Retype the following data exactly, but leave its pictures out.

DATA TO USE |
════════════════

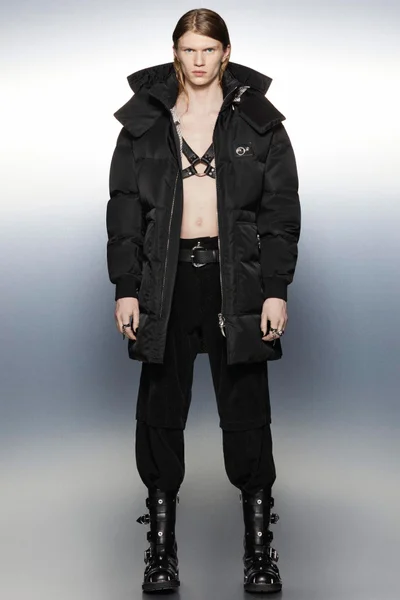 Look 16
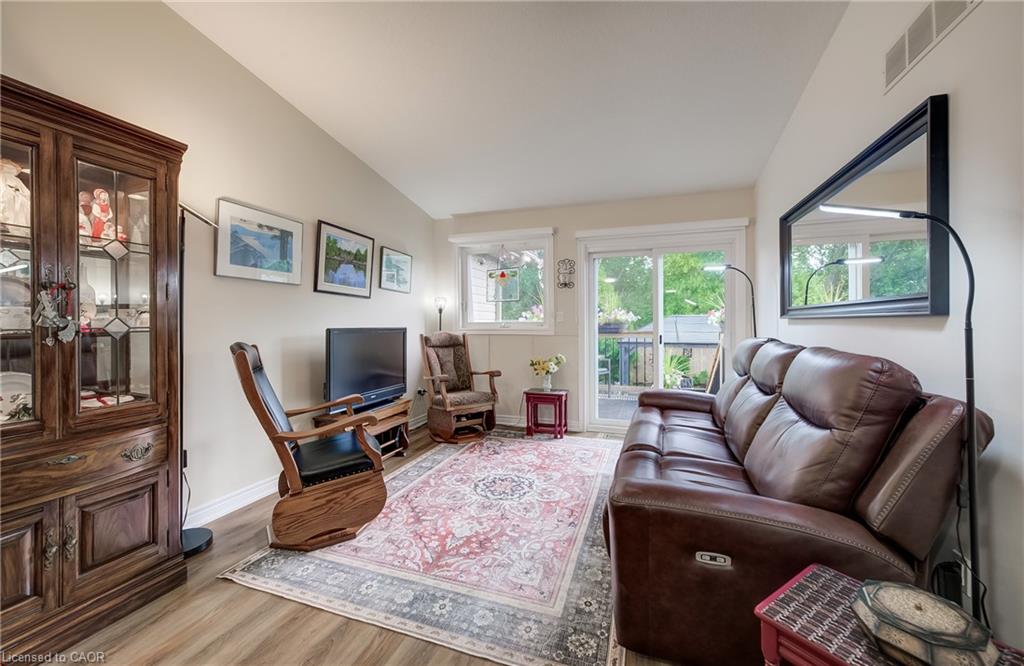 16 Steed Court Property Photo 13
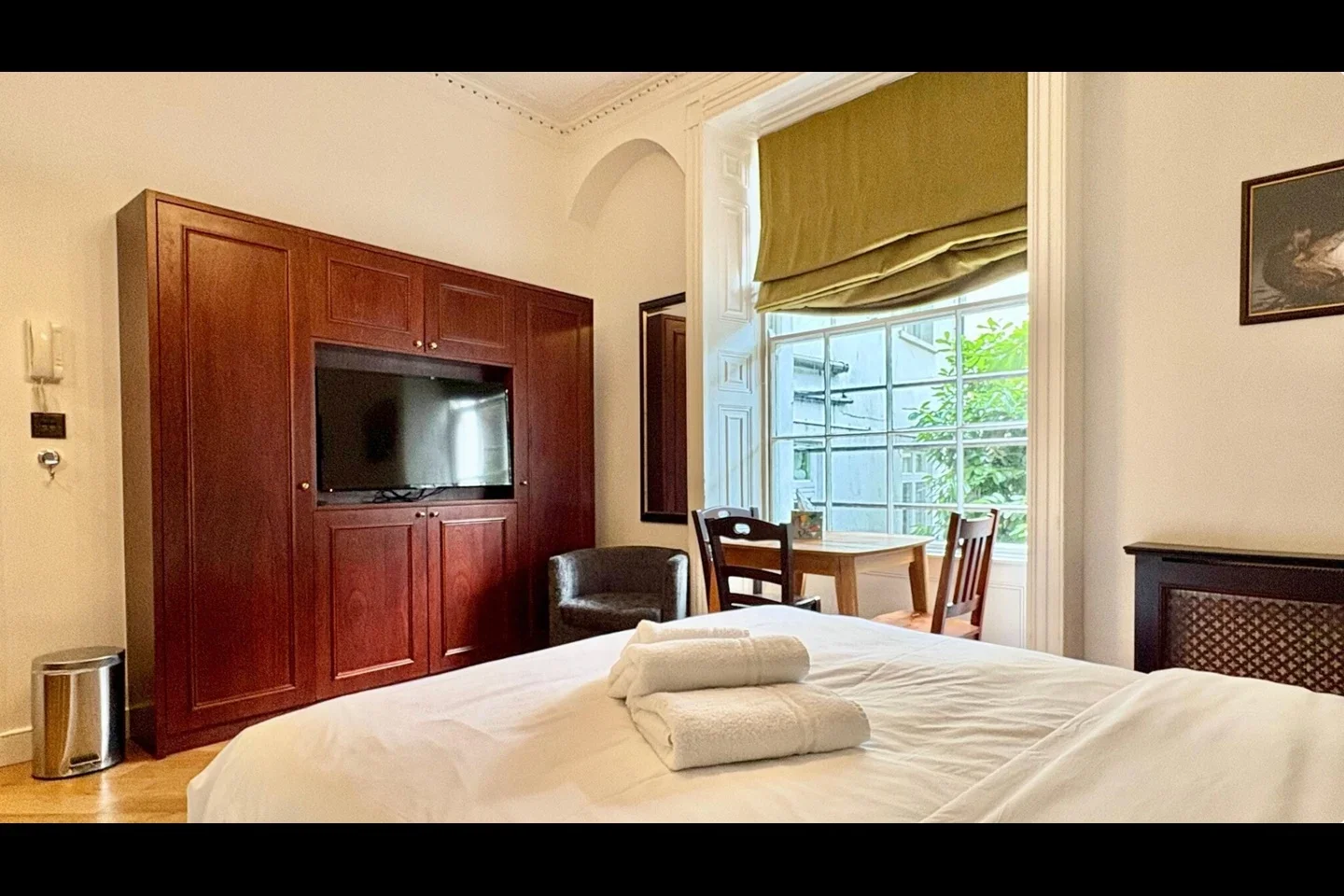 Flat Cartwright Gardens in Greater London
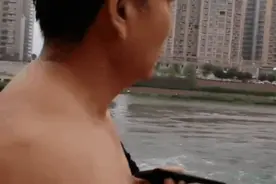 “救人大叔”鞠躬致歉！“再碰到还会尽力而为”图片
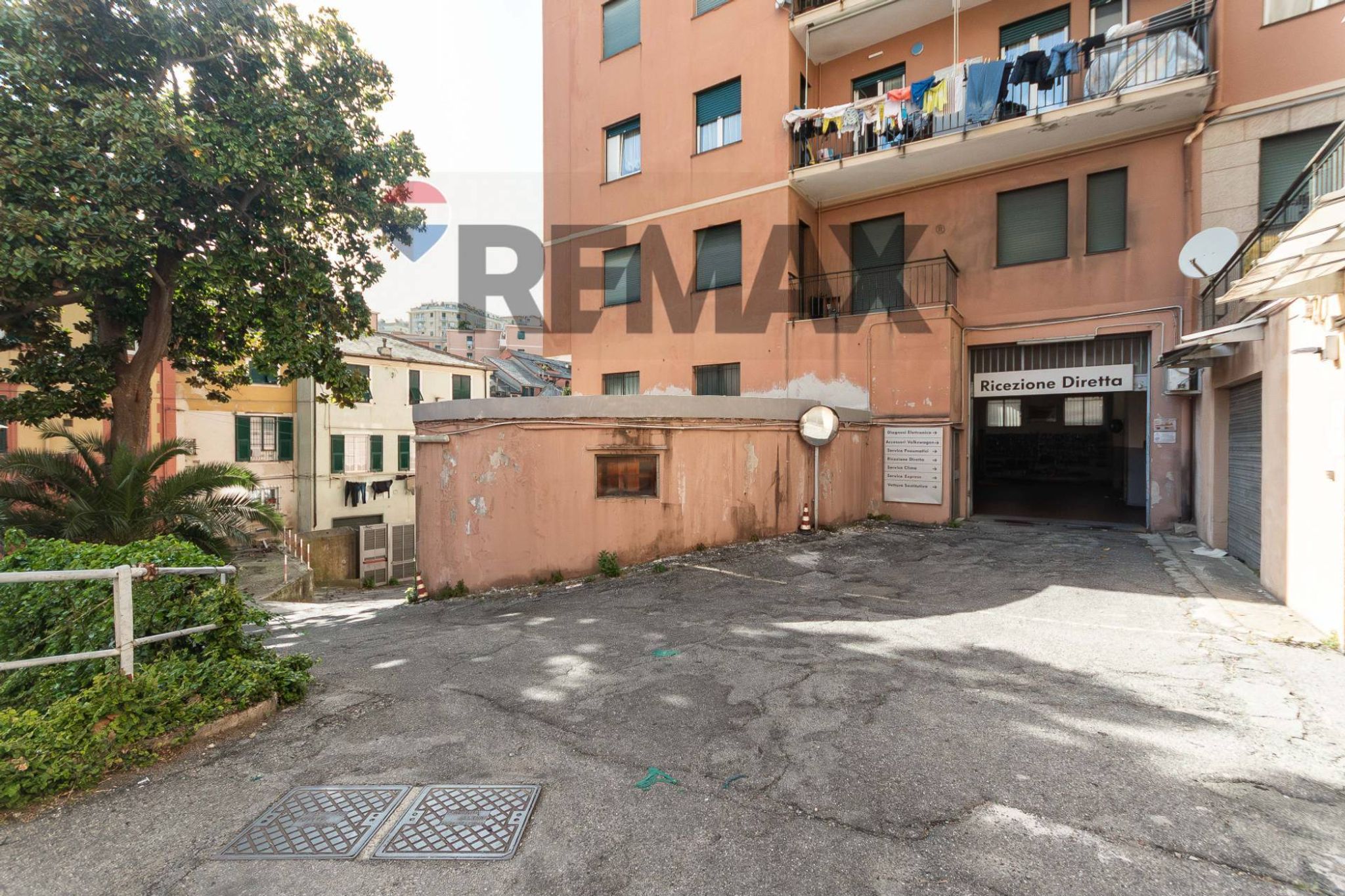 Edificio all'aperto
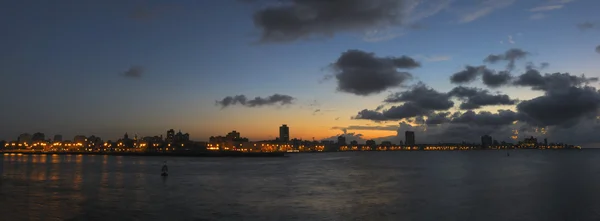 Skyline baie de La Havane à la tombée de la nuit — Photo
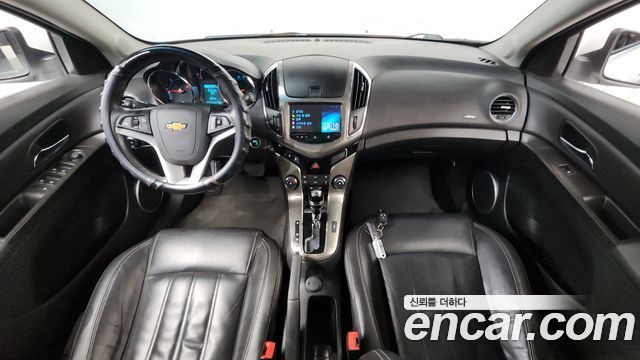 Chevrolet Korea Cruze — interior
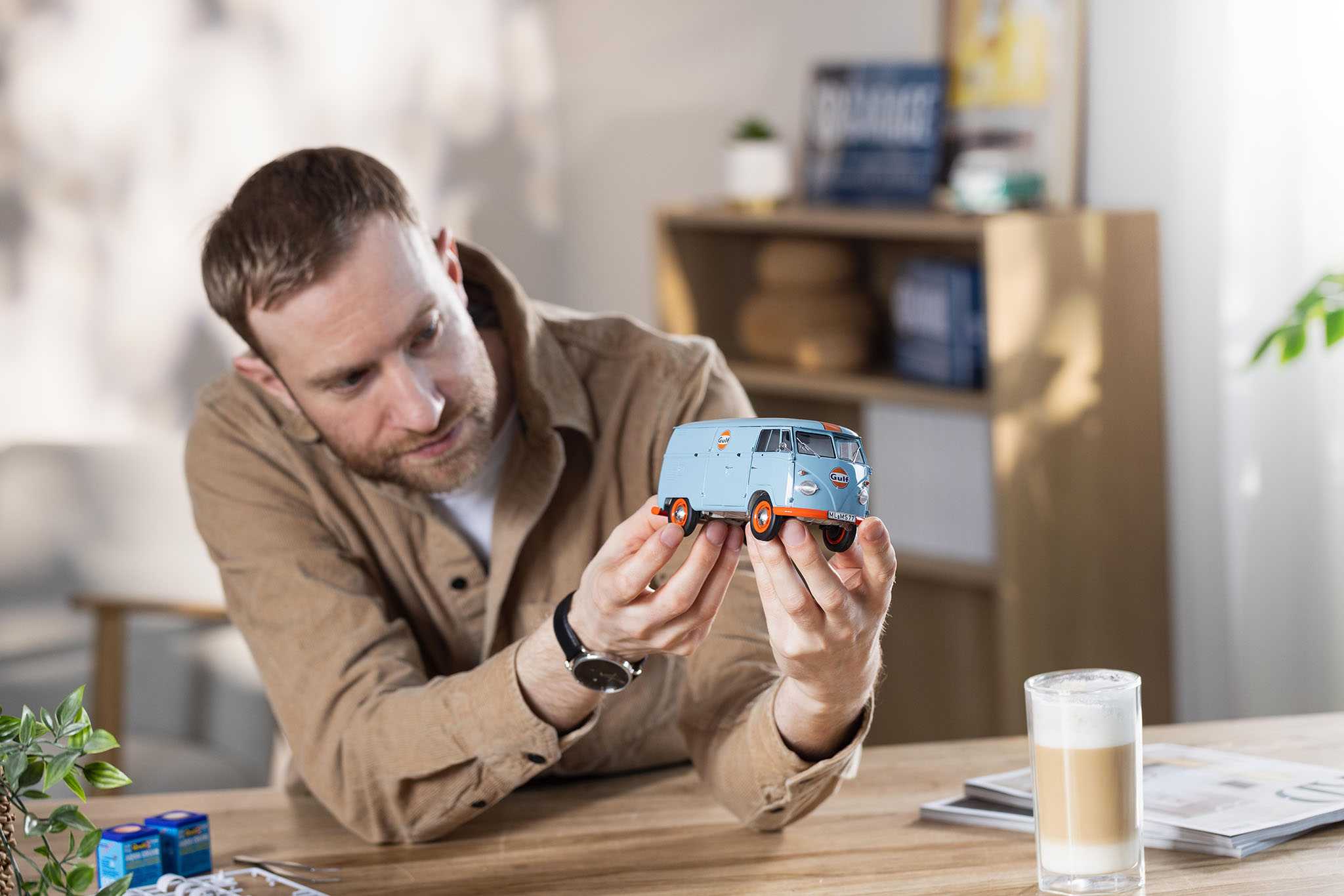 Plastic ModelKit auto 07726 - VW T1 panel van (Gulf Decoration) (1:24)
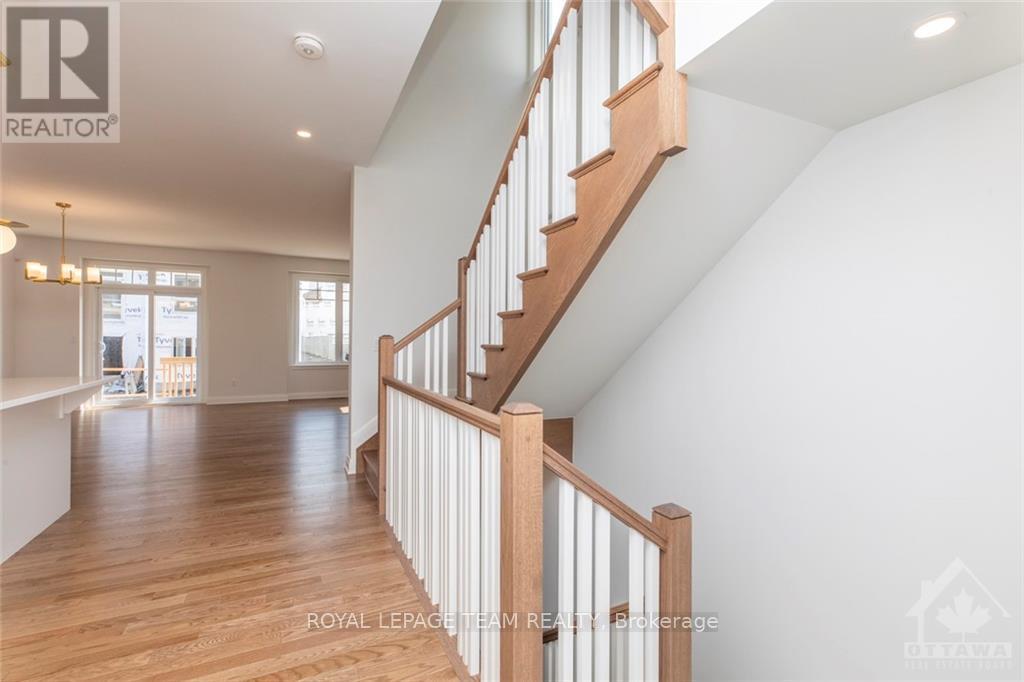 527 Hitzlay Terrace, Ottawa, Ontario  K2T 0S1 - Photo 8 - X13871942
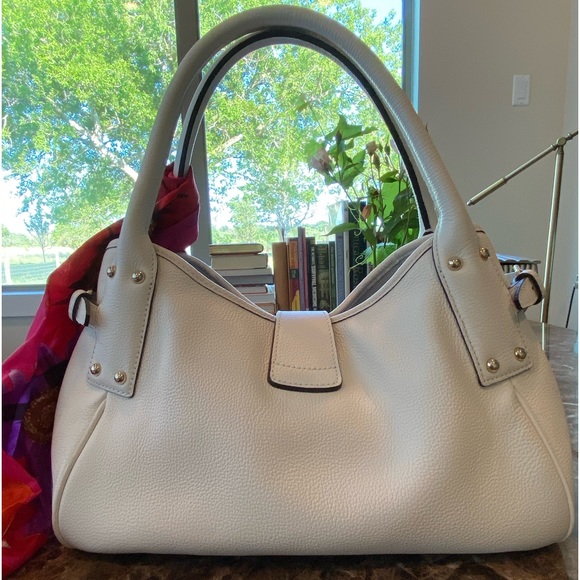 BEAUTIFUL DOONEY TOTE & SILK SCARF! - Picture 3 of 11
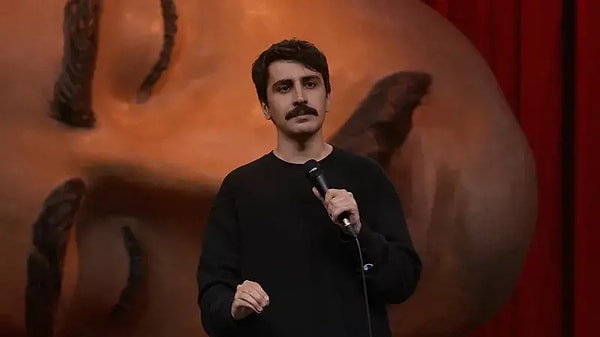 "Daltonları övme" suçlamasıyla tutuklandı.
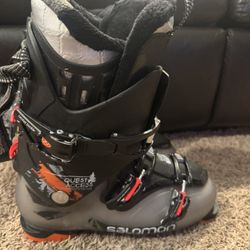 Salomon Ski Boots- Quest Access - Great Condition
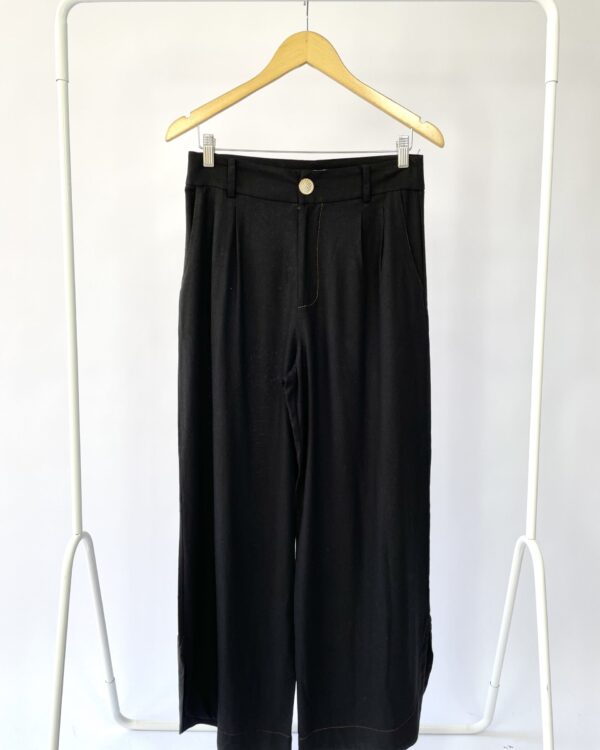 Calça preta linho MILALAI - M - VENDIDO SISTEMA OTTO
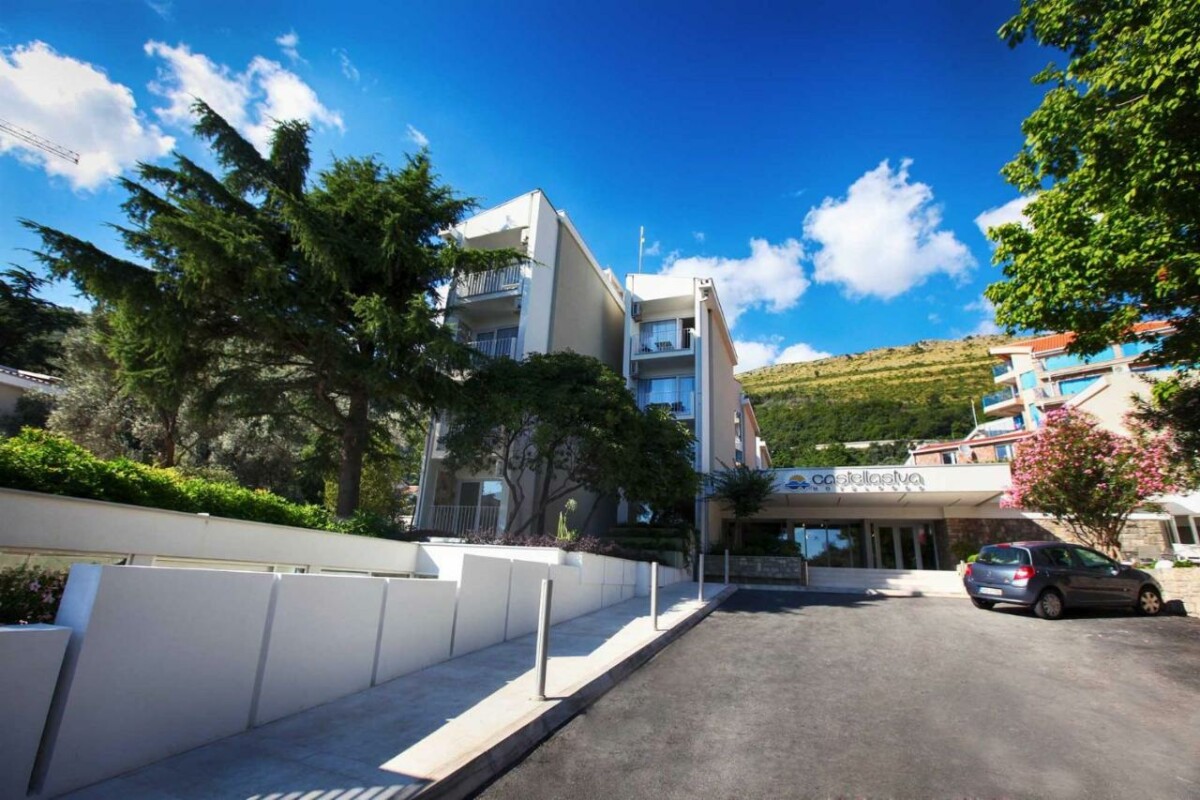 UDOBNO, DOMAĆINSKI I FANTASTIČNO Hotel Castellastva u Petrovcu je komad raja koji se ne propušta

════════════════

COMPLETED EXERCISE |
 Look 16
 16 Steed Court Property Photo 13
 Flat Cartwright Gardens in Greater London
 “救人大叔”鞠躬致歉！“再碰到还会尽力而为”图片
 Edificio all'aperto
 Skyline baie de La Havane à la tombée de la nuit — Photo
 Chevrolet Korea Cruze — interior
 Plastic ModelKit auto 07726 - VW T1 panel van (Gulf Decoration) (1:24)
 527 Hitzlay Terrace, Ottawa, Ontario  K2T 0S1 - Photo 8 - X13871942
 BEAUTIFUL DOONEY TOTE & SILK SCARF! - Picture 3 of 11
 "Daltonları övme" suçlamasıyla tutuklandı.
 Salomon Ski Boots- Quest Access - Great Condition
 Calça preta linho MILALAI - M - VENDIDO SISTEMA OTTO
 UDOBNO, DOMAĆINSKI I FANTASTIČNO Hotel Castellastva u Petrovcu je komad raja koji se ne propušta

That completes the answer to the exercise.